Now let’s fit simple regression:

m1 <- lm(y~x)

gg <- gg + 
  geom_abline(intercept = coef(m1)[1], slope = coef(m1)[2])
gg

The Residual Standard Error (RSE) is our estimate of error in the \(y\) (i.e., \(\mathcal{N}(0,\,2.5^{2})\)):

sigma(m1)
#> [1] 2.248066

The difference is due to the sampling error. If we plot the residuals, RSE represents (corrected) standard deviation:

df <- tibble(fit = predict(m1), resid = resid(m1))
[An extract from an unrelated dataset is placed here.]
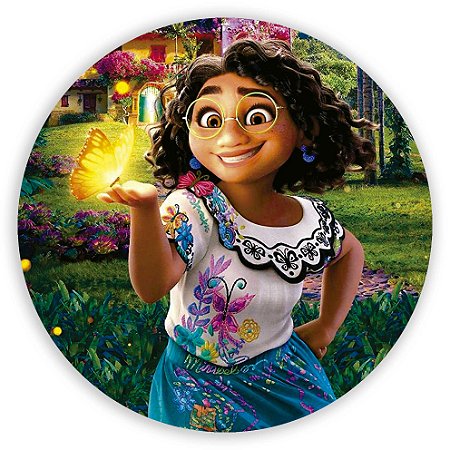 Mini Painel - Encanto - Sublimado 3D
gg <- ggplot(df, aes(x = fit, y = resid)) +
  theme_linedraw() +
  geom_hline(yintercept = 0, linetype = "dashed") +
  geom_point(alpha = 0.8)


gg <- ggMarginal(gg, type = "density", margins = "y", fill = "grey")

gg

But now, let’s imagine we are interested in interpreting estimated RSE as Minimal detectable change (MDC). We are able to detect \(y\), given our data and the model implemented, with the 95% confidence equal to:

\[ \pm RSE \times 1.96 \] Value 1.96 represents critical value for the normal distribution where we cover 95% of the distribution spread. First question is: should we use critical value using t-distribution instead? For example, our \(df = n - 2\), or 28, so 95% critical t-value for 95% confidence is equal to 2.05.

Second question, can we interpret this as MDC (i.e., in this case equal to 4.41)? I am worried about the change term here. Or we need to multiply by \(\sqrt{2}\)?

\[ MDC = \pm RSE \times 1.96 \times \sqrt{2} \] Using \(\sqrt{2}\), our model is able to detect changes in \(y\) that are within 6.23 (given the assumption that the residuals are normally distributed with constant variance).